THE TASK:
Copy word for word the lines in the records below, starting at the line with "配资炒股平台官网 透视26家游戏上市公司冰与火" and ending at the line with "I just used?". Skip the pictures.

____

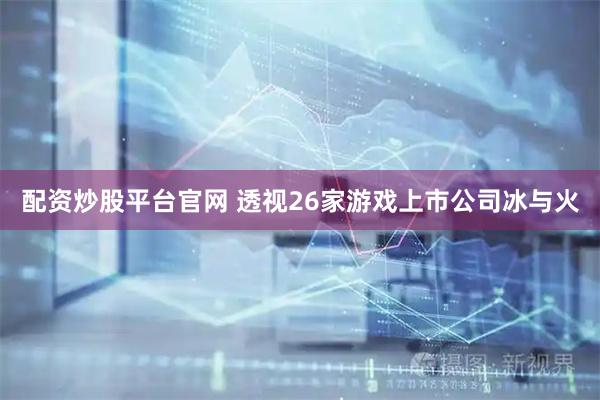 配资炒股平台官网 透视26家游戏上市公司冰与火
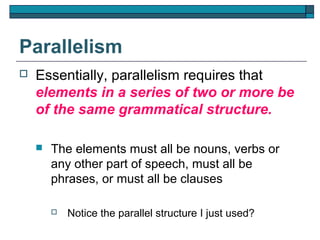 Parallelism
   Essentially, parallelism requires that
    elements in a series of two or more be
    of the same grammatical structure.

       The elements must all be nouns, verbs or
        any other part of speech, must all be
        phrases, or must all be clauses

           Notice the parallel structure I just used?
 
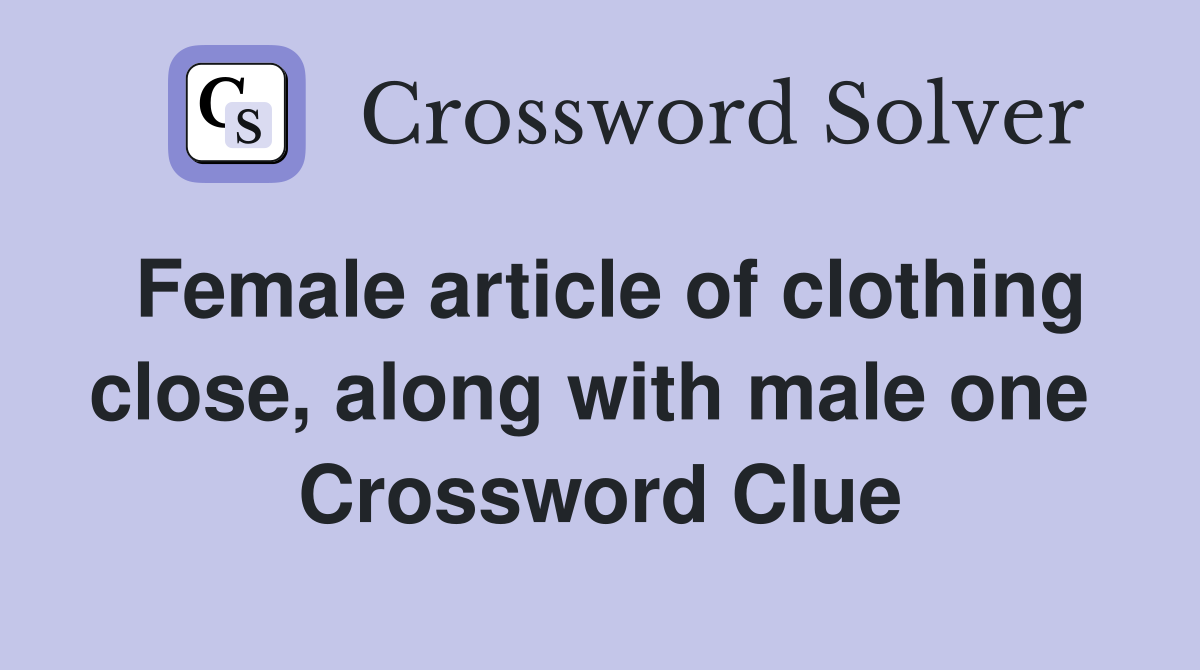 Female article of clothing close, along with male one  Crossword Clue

____

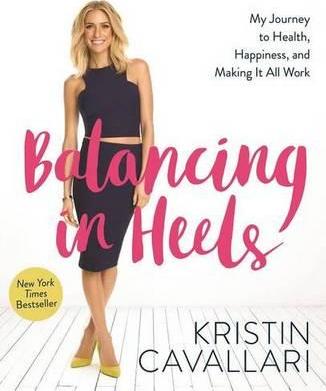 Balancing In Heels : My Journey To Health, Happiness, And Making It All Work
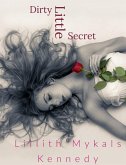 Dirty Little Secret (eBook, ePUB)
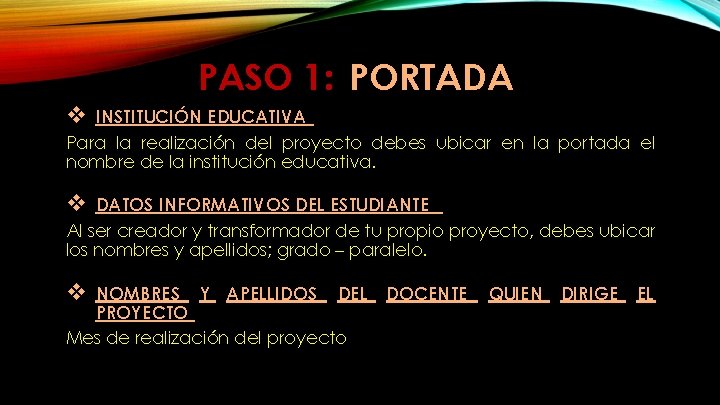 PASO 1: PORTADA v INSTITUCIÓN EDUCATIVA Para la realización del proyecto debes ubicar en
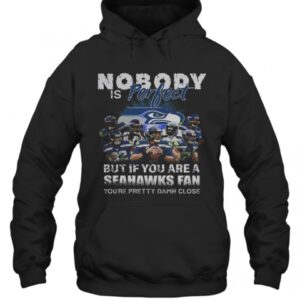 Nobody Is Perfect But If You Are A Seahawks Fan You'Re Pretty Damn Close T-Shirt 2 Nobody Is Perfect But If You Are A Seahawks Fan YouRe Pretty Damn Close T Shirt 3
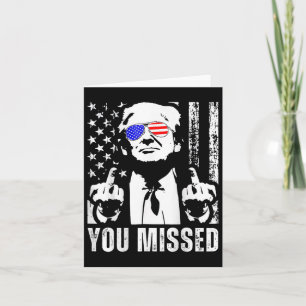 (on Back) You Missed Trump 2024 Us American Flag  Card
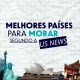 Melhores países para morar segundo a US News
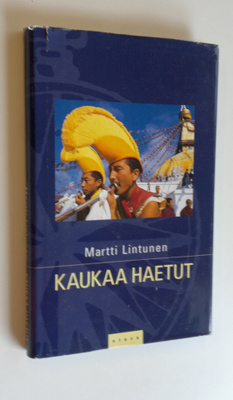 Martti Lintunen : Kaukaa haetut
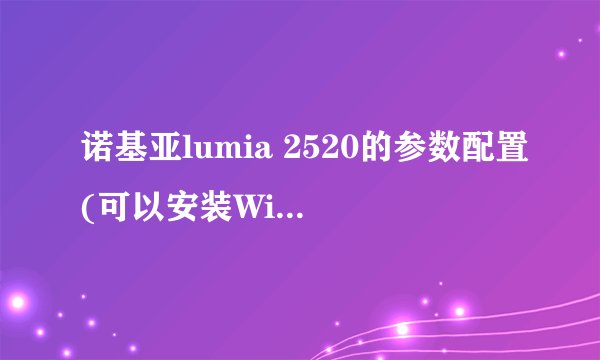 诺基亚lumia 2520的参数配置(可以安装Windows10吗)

____

RESPONSE BOX:
 配资炒股平台官网 透视26家游戏上市公司冰与火
 Parallelism
   Essentially, parallelism requires that
    elements in a series of two or more be
    of the same grammatical structure.

       The elements must all be nouns, verbs or
        any other part of speech, must all be
        phrases, or must all be clauses

           Notice the parallel structure I just used?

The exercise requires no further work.